What's better than grading? Having the same student drop in more than once to ask when the grading will be done. This is partly my fault. Over the term I returned every assignment the class after it was collected; my students haven't had to wait more than a week before. Still, I told them I'd put a note up on the web site when I was ready; I don't know why they don't trust me.
But it's (now) done, except for a few students in numerical PDEs who asked for extra time for an assignment not as difficult as they imagine. The challenge was essay grading, once I filtered out the disgusting number (to my eye, that's any number more than two) of students who turned in a web page.

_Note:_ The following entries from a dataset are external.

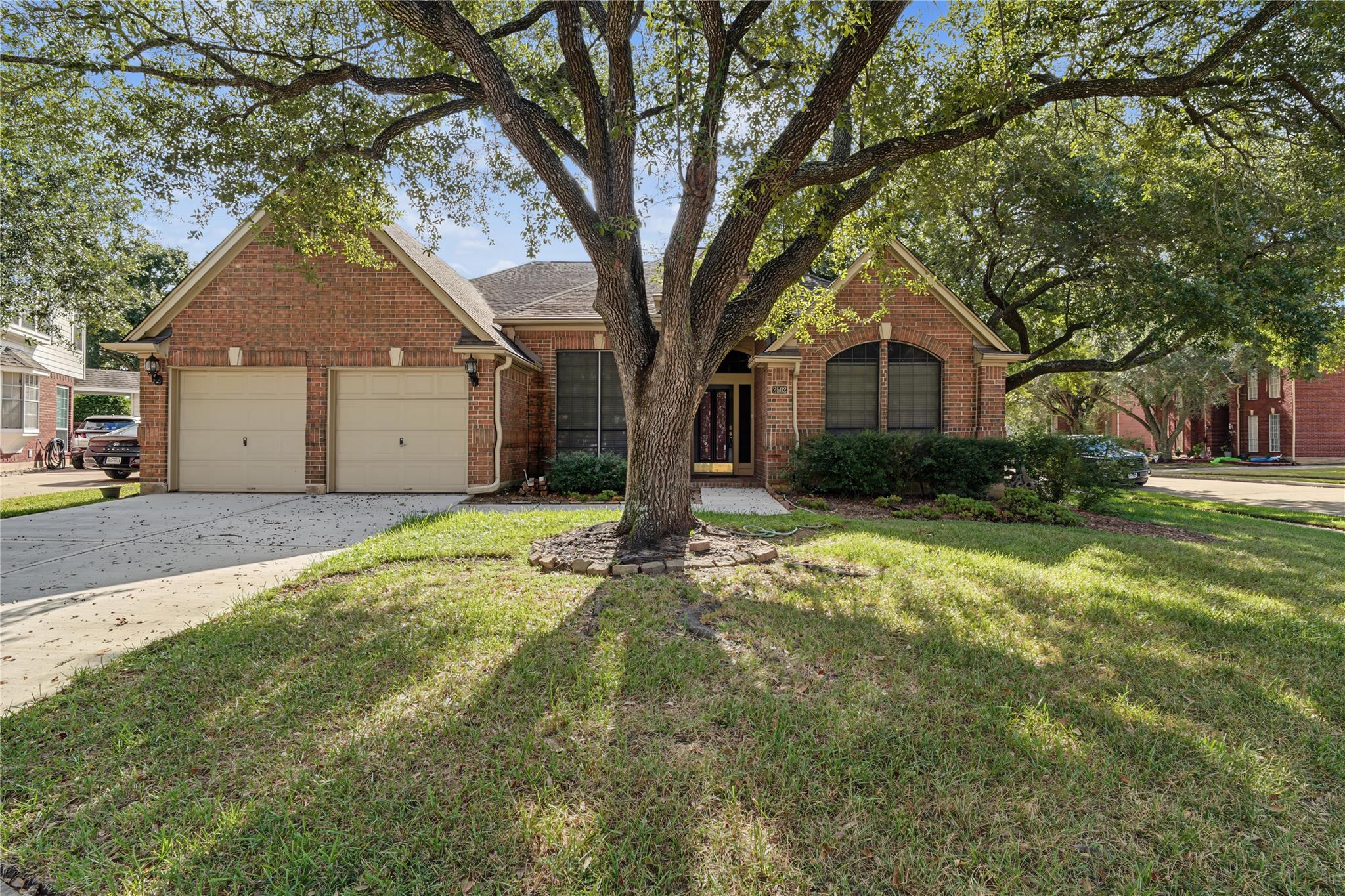 2502 Redbridge Court — photo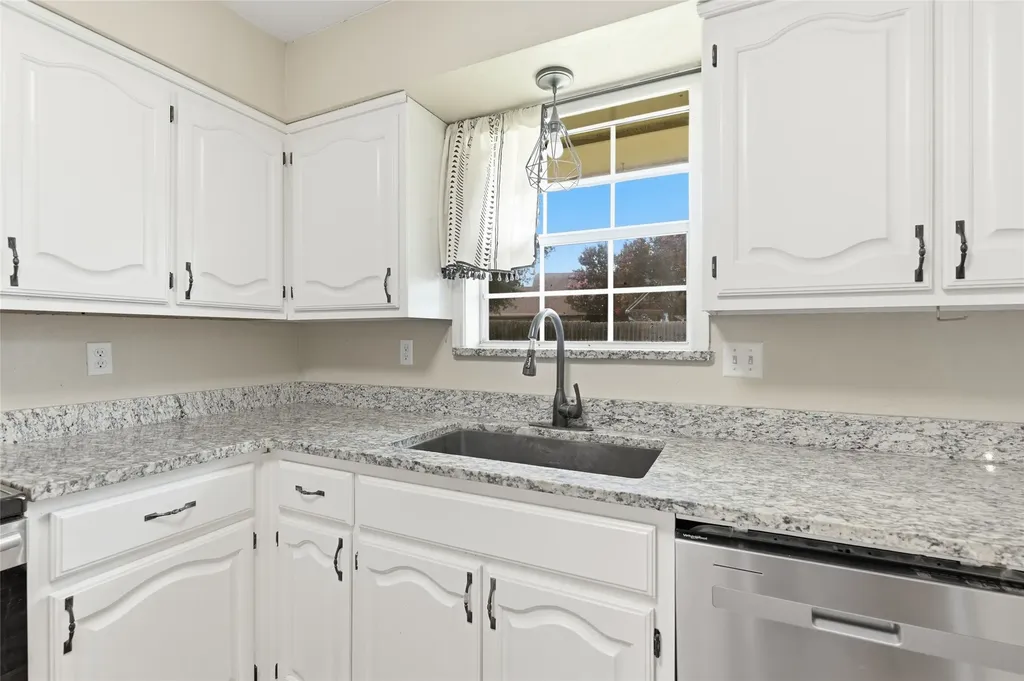 2205 Canyon Circle Bonham TX 75418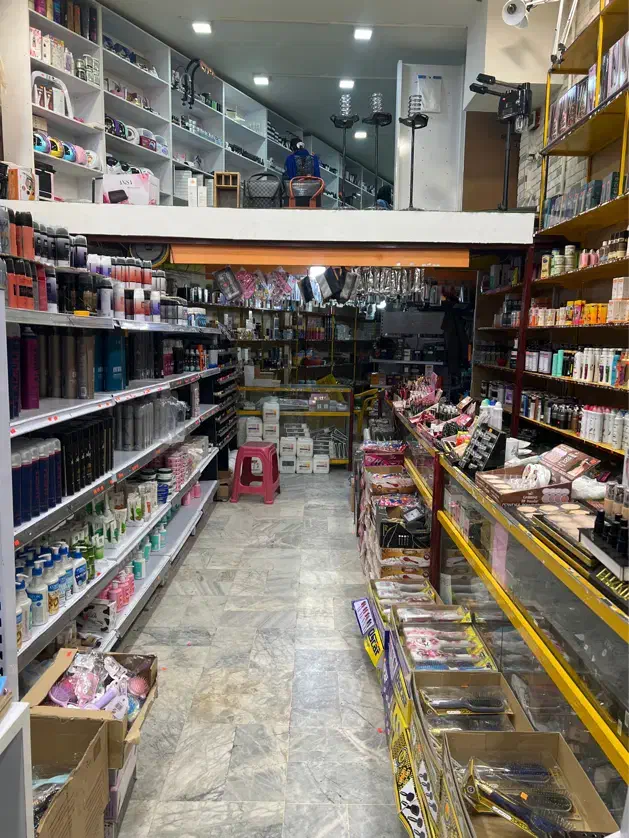 فروشنده لوازم آرایشی (خانم)|استخدام بازاریابی و فروش|قزوین, |دیوار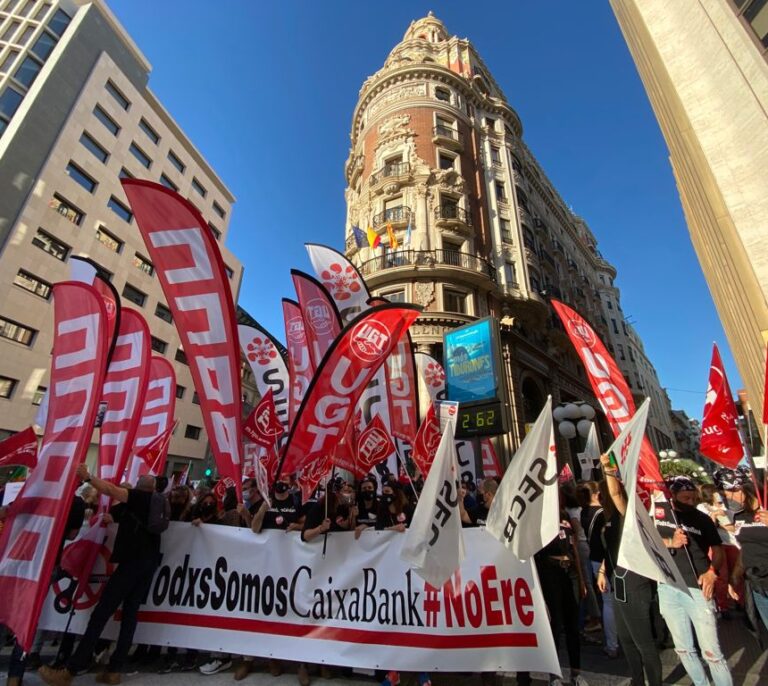 Los trabajadores de las antiguas cajas piden subidas salariales y mejoras en sus préstamos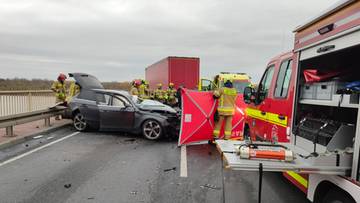 Audi zderzyło się z ciężarówką. Tragiczny wypadek na moście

I learned to check every essay at least on Google my first term, when four students turned in the same essay; don't students realize their instructors are not idiots?
And a strange phenomenon noticed: I'm considerably more likely to give an even number for an assignment than an odd one. That can be attributed to a subconscious bias when I'm grading something freeform like an essay, but why does it turn up when I'm working with a theoretically objective grade key? Is it worth doing an ANOVA study on my grading schemes? No, sadly, it is not, but I'll think about most anything rather than grade.
For my money, reading periods and exams are the best time to be on campus. All the support facilities -- libraries, canteens, the bookstore -- are open regular or extended hours, the busses run at normal frequencies, but the crowds are smaller, the faculty have time to give and attend talks, and office hours are easier apart from students asking if the last assignment is graded yet.
Trivia: In the 1650s London paid approximately 40 percent of the national total excise duty on beer. Source: London: A History, Francis Sheppard.
Currently Reading: One Two Three ... Infinity: Facts and Speculations of Science, George Gamow.